Today I decided to implement a StopWords filter in C# that would filter out certain woulds from a search engine query. I wanted something to filter out common words like "a", "I", "to", "the" "how", from search queries since in most cases these words don't really help with getting the most accurrate search results from a query, and instead they just create more unnecessary search results.
Keep in mind, there's not an end all be all list of stop words to use in all cases because ultimately you have to decide for yourself what's best for the application (and it's users) when determining what stopwords to include and what to exclude. However, below are a couple resources to find common stop words lists that you may want to use to create your own StopWords list:
I ultimately narrowed my StopWords list down to some of the more common words, that I felt wouldn't interfere too much with a searcher's intent:
"a", "about", "actually", "after", "also", "am", "an", "and", "any", "are", "as", "at", "be", "because", "but", "by",
"could", "do", "each", "either", "en", "for", "from", "has", "have", "how", "i", "if", "in", "is", "it", "its", "just", "of", "or", "so", "some", "such", "that", "the", "their", "these", "thing", "this", "to", "too", "very", "was", "we", "well", "what", "when", "where", "who", "will", "with", "you", "your"

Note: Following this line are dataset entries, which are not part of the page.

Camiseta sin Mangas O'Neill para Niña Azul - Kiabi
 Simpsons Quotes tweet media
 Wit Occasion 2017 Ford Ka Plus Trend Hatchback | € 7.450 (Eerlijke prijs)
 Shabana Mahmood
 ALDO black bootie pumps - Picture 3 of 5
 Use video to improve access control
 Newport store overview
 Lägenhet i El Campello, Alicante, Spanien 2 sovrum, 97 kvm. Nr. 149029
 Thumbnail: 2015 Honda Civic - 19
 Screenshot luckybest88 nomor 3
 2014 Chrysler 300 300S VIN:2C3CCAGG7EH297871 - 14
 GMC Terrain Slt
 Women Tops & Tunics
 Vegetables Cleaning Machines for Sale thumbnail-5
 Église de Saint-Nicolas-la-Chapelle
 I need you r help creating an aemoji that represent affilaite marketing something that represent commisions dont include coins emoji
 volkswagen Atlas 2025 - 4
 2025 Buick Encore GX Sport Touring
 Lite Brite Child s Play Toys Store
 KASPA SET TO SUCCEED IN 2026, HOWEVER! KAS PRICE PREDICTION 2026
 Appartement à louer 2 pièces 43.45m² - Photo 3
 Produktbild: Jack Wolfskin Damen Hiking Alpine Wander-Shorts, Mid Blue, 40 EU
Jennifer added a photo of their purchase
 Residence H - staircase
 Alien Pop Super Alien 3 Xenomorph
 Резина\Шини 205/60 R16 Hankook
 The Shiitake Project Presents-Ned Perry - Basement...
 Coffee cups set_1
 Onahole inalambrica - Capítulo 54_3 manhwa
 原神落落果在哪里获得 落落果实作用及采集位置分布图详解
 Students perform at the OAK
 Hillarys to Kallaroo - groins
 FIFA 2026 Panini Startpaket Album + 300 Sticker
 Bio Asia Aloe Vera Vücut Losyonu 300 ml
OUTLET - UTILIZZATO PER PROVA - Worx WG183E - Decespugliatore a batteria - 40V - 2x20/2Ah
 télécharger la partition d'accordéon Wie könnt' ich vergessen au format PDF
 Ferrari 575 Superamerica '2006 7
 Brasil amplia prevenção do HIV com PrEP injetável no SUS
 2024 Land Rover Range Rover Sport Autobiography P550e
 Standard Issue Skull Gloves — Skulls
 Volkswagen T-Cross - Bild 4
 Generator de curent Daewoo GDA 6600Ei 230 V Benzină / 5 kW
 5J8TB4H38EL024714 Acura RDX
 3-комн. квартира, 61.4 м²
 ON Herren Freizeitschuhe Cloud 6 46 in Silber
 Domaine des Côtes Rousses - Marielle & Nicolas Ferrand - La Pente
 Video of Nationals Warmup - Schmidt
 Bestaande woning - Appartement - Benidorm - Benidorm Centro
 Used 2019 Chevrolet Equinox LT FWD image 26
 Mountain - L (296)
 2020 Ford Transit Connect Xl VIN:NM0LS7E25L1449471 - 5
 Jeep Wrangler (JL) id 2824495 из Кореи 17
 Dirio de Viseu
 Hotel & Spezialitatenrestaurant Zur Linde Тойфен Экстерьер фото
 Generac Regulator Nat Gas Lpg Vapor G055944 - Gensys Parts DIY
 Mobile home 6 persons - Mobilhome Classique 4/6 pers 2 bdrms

Once I figured out my StopWords list I created a SearchHelper class in C# to clean search query Words before sending them to the database to return search results. Below is the SearchHelper.cs C# class (download available: see attached .cs file below):
using System;
using System.Collections.Generic;
using System.Collections.Specialized;
using System.Text;
public class SearchHelper
{
private static string[] stopWordsArrary = new string[] { "a", "about", "actually", "after", "also", "am", "an", "and", "any", "are", "as", "at", "be", "because", "but", "by",
"could", "do", "each", "either", "en", "for", "from", "has", "have", "how",
"i", "if", "in", "is", "it", "its", "just", "of", "or", "so", "some", "such", "that",
"the", "their", "these", "thing", "this", "to", "too", "very", "was", "we", "well", "what", "when", "where",
"who", "will", "with", "you", "your"
};
///
/// Removes stop words from the specified search string.
///
public static string CleanSearchedWords(string searchedWords)
{
searchedWords = searchedWords
.Replace("\\", string.Empty)
.Replace("|", string.Empty)
.Replace("(", string.Empty)
.Replace(")", string.Empty)
.Replace("[", string.Empty)
.Replace("]", string.Empty)
.Replace("*", string.Empty)
.Replace("?", string.Empty)
.Replace("}", string.Empty)
.Replace("{", string.Empty)
.Replace("^", string.Empty)
.Replace("+", string.Empty);
// transform search string into array of words
char[] wordSeparators = new char[] { ' ', '\n', '\r', ',', ';', '.', '!', '?', '-', ' ', '"', '\'' };
string[] words = searchedWords.Split(wordSeparators, StringSplitOptions.RemoveEmptyEntries);
// Create and initializes a new StringCollection.
StringCollection myStopWordsCol = new StringCollection();
// Add a range of elements from an array to the end of the StringCollection.
myStopWordsCol.AddRange(stopWordsArrary);
StringBuilder sb = new StringBuilder();
for (int i = 0; i < words.Length; i++)
{
string word = words[i].ToLowerInvariant().Trim();
if (word.Length > 1 && !myStopWordsCol.Contains(word))
sb.Append(word + " ");
}
return sb.ToString();
}
}
That's it... Now on your search results page code, you can use the SearchHelper.CleanSearchWords(searchWordsHere) to clean the searched words string. Pretty simple, but works well for filtering out common words from a search query.